Giselle dan Sandra duduk di sebuah meja yang berada di pojok ruangan. Mereka saat ini sedang berada di cafè langganan Sandra yang berada tak jauh dari sekolah. Niat awal untuk bercengkrama memudar perlahan. Sandra terlihat sibuk dengan makanannya sambil menatap Giselle tajam. Objek yang sedang ia perhatikan malah tak menatap Sandra balik. Giselle hanya terfokus pada lembar halaman 73 buku fisika yang sedang ia baca. Sandra tidak hanya menunggu semenit untuk membiarkan Giselle menuntaskan bacaannya pada halaman itu. Ia hampir menunggu selama 15 menit, tetapi Giselle belum juga mengganti halaman bukunya.

"Ini beneran lo atau gue lagi halusinasi?"

"Ya Tuhan, kamu udah nanya 10 kali dengan pertanyaan yang sama, San. Aku beneran Giselle!" jawab Giselle gemas.

"Abis lo aneh sih, gak biasanya bawa buku pelajaran pas lagi nongkrong. Dapet pencerahan dari mana?" Sandra mengambil kentang goreng milik Giselle seenaknya. Giselle langsung menghadiahinya jitakan.

"Pencerahan dari rumput yang bergoyang," jawab Giselle asal.

"Ah lo mah gak serius!"

"Ya pencerahan dari mana lagi, San? Ya dari lampu atuh!"

"Sel, lo lupa kalau di sini gak ada lampu?" tanya Sandra seraya menunjuk ke arah langit-langit café yang memang tidak memiliki lampu.

Sang pemilik café memang lebih suka menyalakan lampu saat malam hari, itu juga hanya lampu portable yang tak cukup untuk membuat pelanggan dapat melihat posisi garpunya.

"Aku lagi mau ngebuktiin sama seseorang kalau aku bisa dapet nilai ujian bagus," jawab Giselle.

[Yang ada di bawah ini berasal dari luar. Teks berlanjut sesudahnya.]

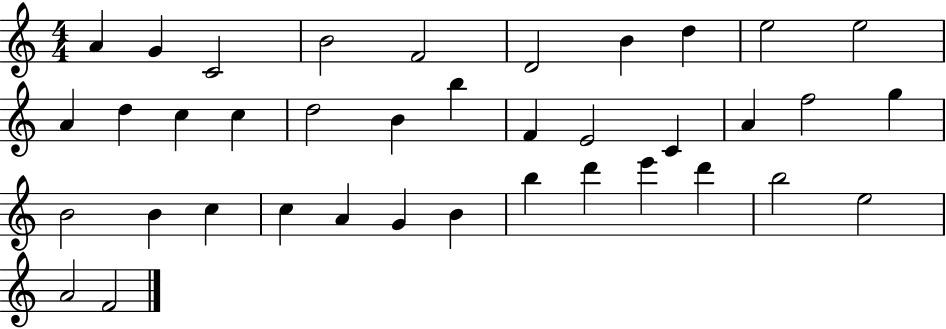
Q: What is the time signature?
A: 4/4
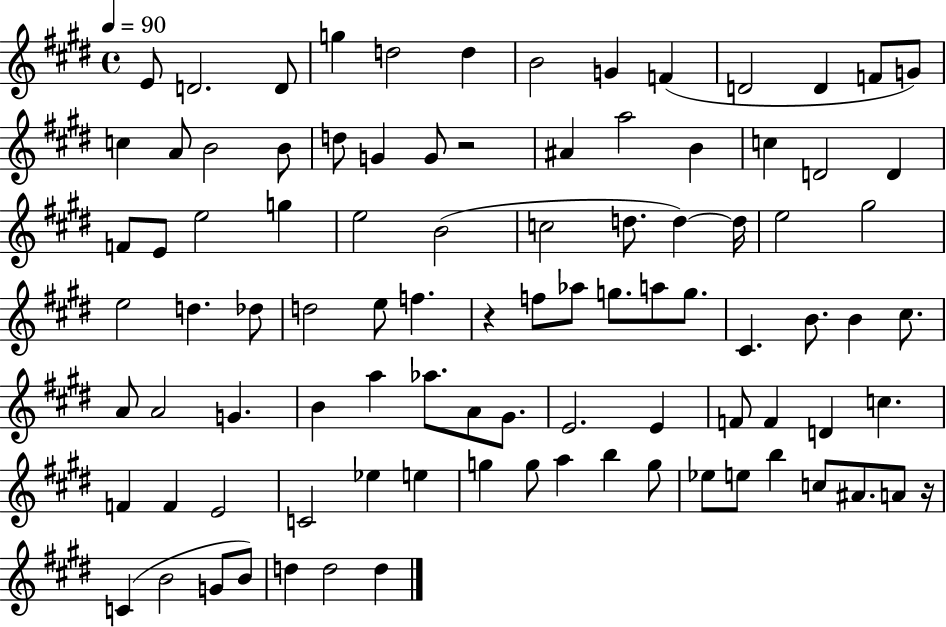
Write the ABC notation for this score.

X:1
T:Untitled
M:4/4
L:1/4
K:E
E/2 D2 D/2 g d2 d B2 G F D2 D F/2 G/2 c A/2 B2 B/2 d/2 G G/2 z2 ^A a2 B c D2 D F/2 E/2 e2 g e2 B2 c2 d/2 d d/4 e2 ^g2 e2 d _d/2 d2 e/2 f z f/2 _a/2 g/2 a/2 g/2 ^C B/2 B ^c/2 A/2 A2 G B a _a/2 A/2 ^G/2 E2 E F/2 F D c F F E2 C2 _e e g g/2 a b g/2 _e/2 e/2 b c/2 ^A/2 A/2 z/4 C B2 G/2 B/2 d d2 d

"Maksud lo seseorang itu si om-om yang lo bilang mesum waktu itu?"

Giselle mengalihkan tatapannya dari bukunya ke arah Sandra. "Waktu itu aku cuma becanda kok, dia aslinya gak mesum. Cuma nyebelin aja."

"Emangnya dia nyuruh lo belajar sampai segila ini?" tanya Sandra dengan nada protektif. Wanita itu memang selalu ingin tahu segala hal mengenai kehidupan sahabatnya, bahkan sampai hal terkecil sekalipun.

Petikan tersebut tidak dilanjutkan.